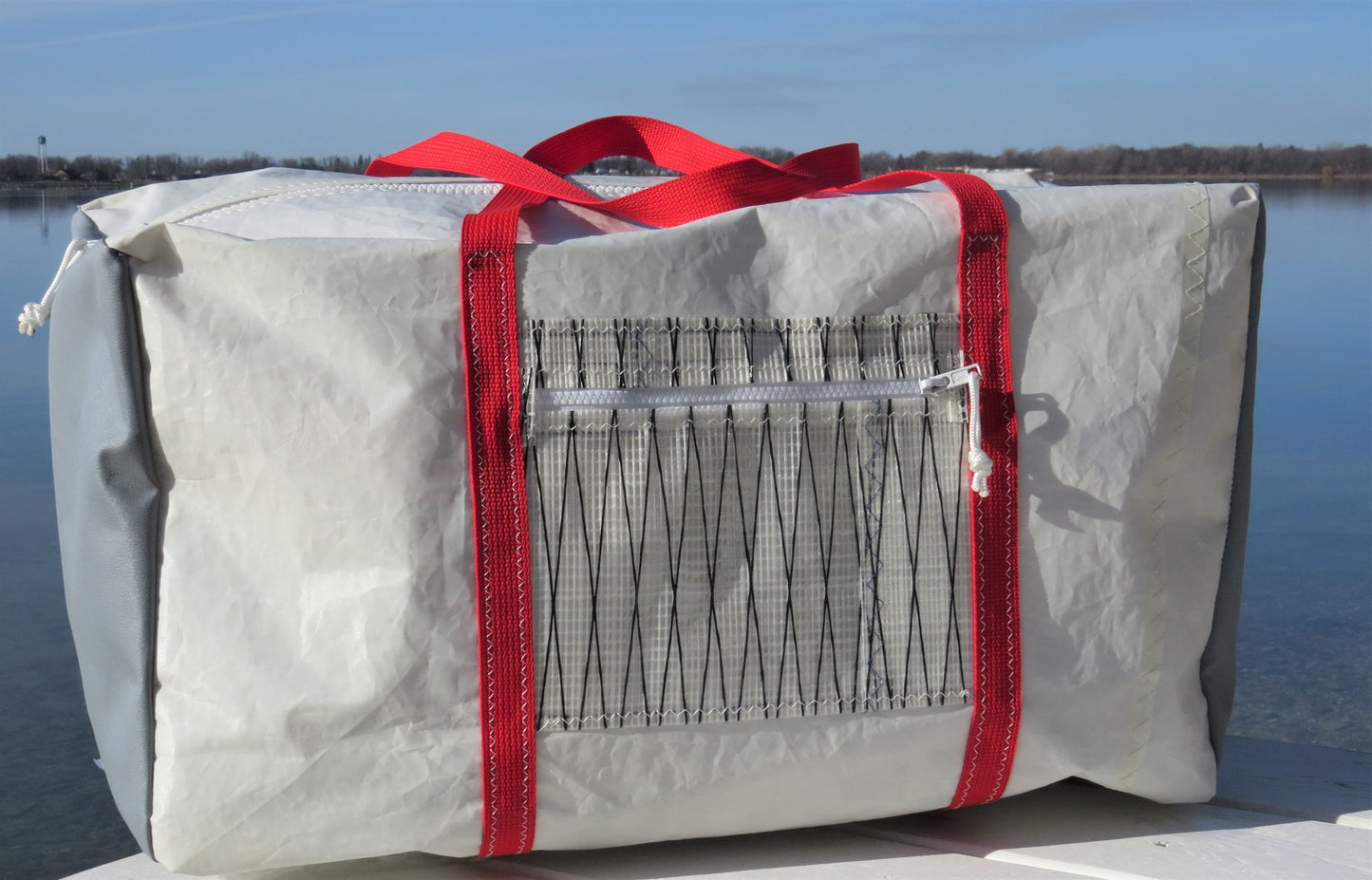 Large Duffle Bag Blue 2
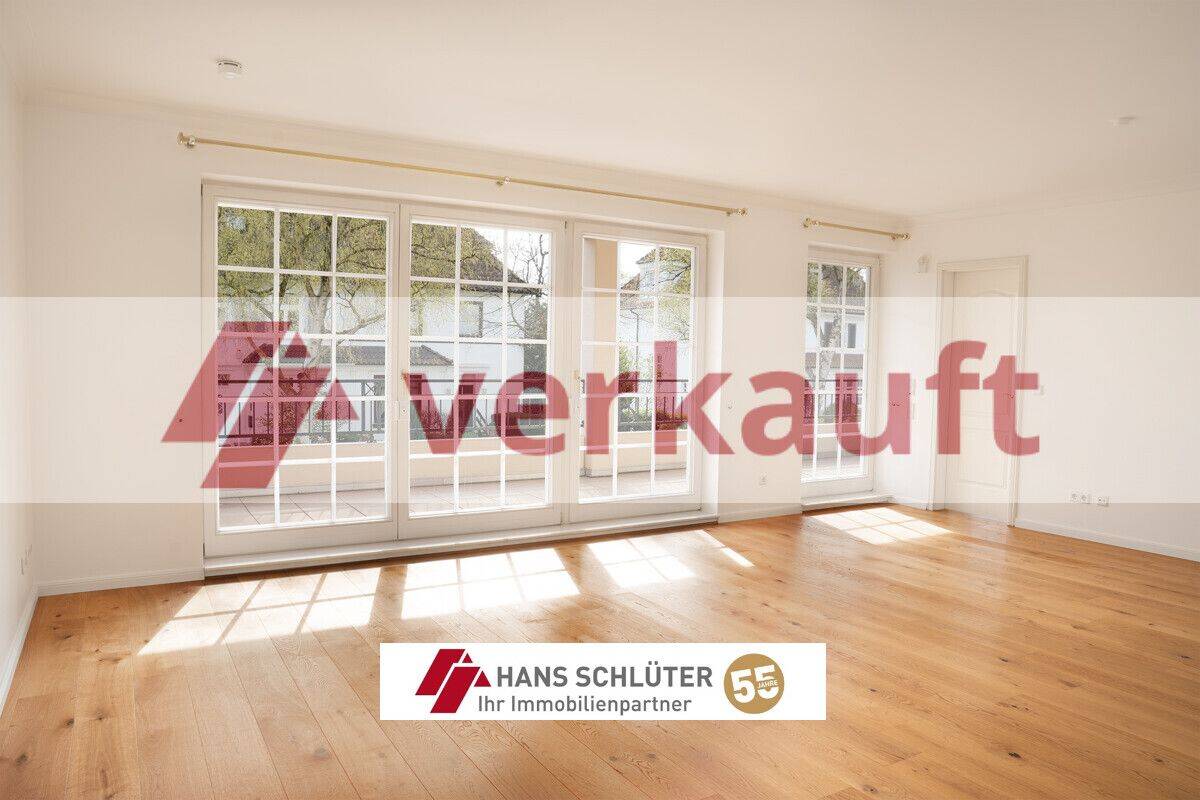 Herrschaftliche Eigentumswohnung mit elegantem Flair in Bestlage von Schwachhausen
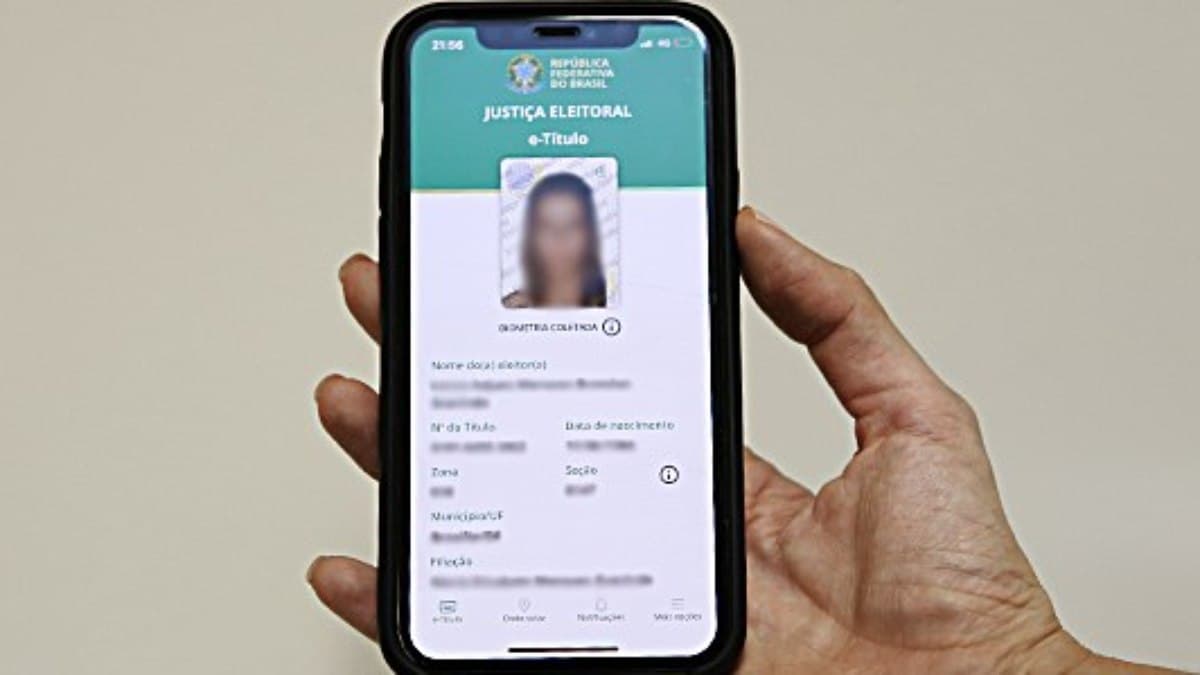 e-Título: prazo para validar no 1º turno terminou em 3/10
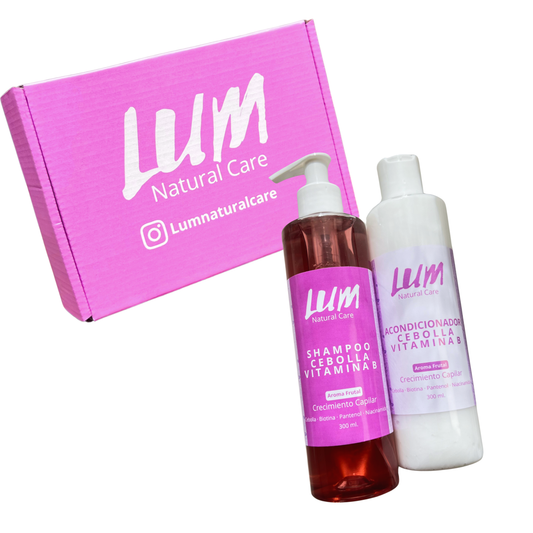 Kit Capilar Crecimiento AntiCaída Cebolla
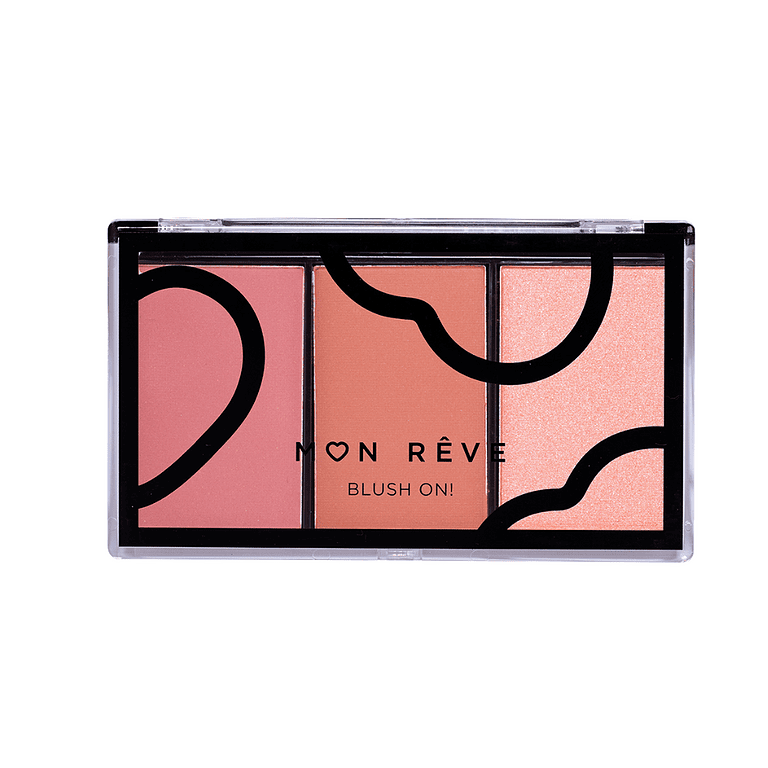 MON REVE BLUSHER TRIO  NO.02 EARTHY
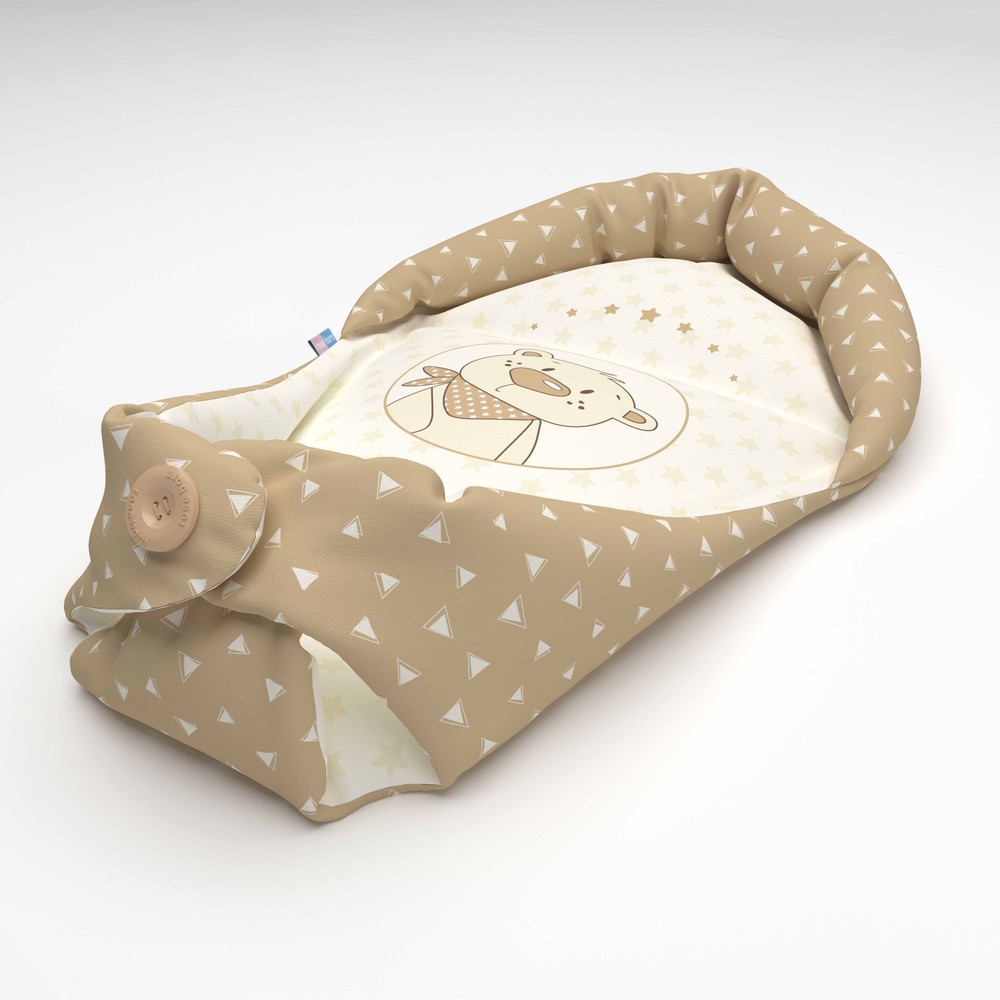 قنداق سوئیسی رزبرن تدی بیر Teddy Bear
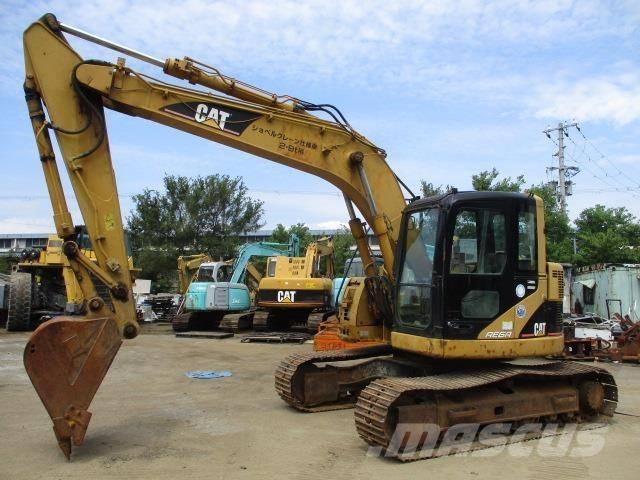 CAT 314 C CR Paletli ekskavatörler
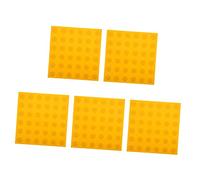 Ipetboom 5 pezzi Tavole Impermeabili per Ciechi Pz Stickers Stradali Pratici per Decorazione Strade e Marciapiedi Facili da Applicare e Rimuovere per Superfici Lisce e Pulite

- Task statement
Would you set down only the lines above from the line with "e-Título: prazo para" to the line with "CAT 314 C CR Paletli ekskavatörler", both included, exactly as they stand and without the pictures?

- Worked solution
 e-Título: prazo para validar no 1º turno terminou em 3/10
 Kit Capilar Crecimiento AntiCaída Cebolla
 MON REVE BLUSHER TRIO  NO.02 EARTHY
 قنداق سوئیسی رزبرن تدی بیر Teddy Bear
 CAT 314 C CR Paletli ekskavatörler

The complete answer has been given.